The resulting cultural anxiety–the need for people to feel that their place in society is safe–has been exploited politically with people’s economic anxiety to lead them to vote in ways that may seem irrational. With the gap between the elite and the working class being used to demonize the elite, Zakaria said, the working class feels they can no longer believe that people in power can serve their interests. In a time of crisis, this posed an even bigger challenge. From researching East Asian countries like South Korea, Singapore, and Taiwan who have been overwhelmingly more successful at handling the pandemic (compared to Taiwan, for example, the US has roughly 2000 times more COVID-19 deaths per capita), Zakaria found that a government’s efficiency and capability did not lie with its size or necessarily even type of governance. Rather, it was trust between the public and the highly competent technocratic governments that allowed those governments to not only test and trace people in the early days of the pandemic, but also effectively isolate infected individuals to prevent transmission and a large-scale lockdown. This stands in stark contrast with the US, where there was mixed information and a distinct lack of centralized response. We need to listen to experts, Zakaria said, but experts also need to listen to the people who are impacted by the issues and policies they create to address problems in the system. He asserted that the problem is not that our economic policies are regressive or not progressive enough, but rather that they have been corrupted by privatization, distribution, and less stringent enforcement of tax evasion laws that prevent resources from going where they are meant to go. Until that corruption can be addressed, it will be difficult to make meaningful progress in bridging the divide between the elite and working class.

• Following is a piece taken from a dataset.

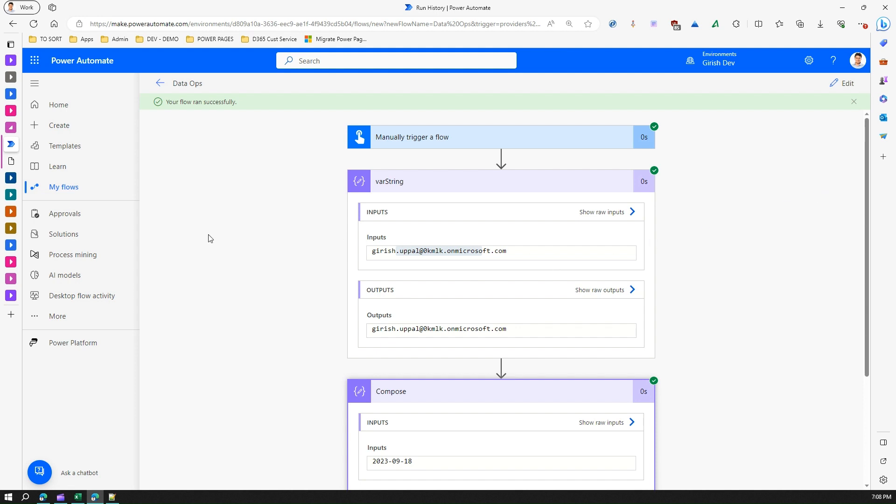That's it, folks. This is all about using the Compose action in Power Automate. Thanks for watching.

While Zakaria believes the onus lies with the elite to bridge the growing divide between the elite and the working class, he also recognizes that there needs to be empathy, something that the concept of meritocracy has eroded over the years. He implored that as students at a prestigious university who will eventually become part of an “intellectual elite”, we need to remember the dangers of buying into a concept of meritocracy that doesn’t account for luck and circumstance, or necessarily morally justify our positions. While he doesn’t have a full-fledged solution to offer right now, the inequities this pandemic has exacerbated highlights the need to have compassion and empathy for one another, making empathy a solid first step to take as we enter our post-pandemic world.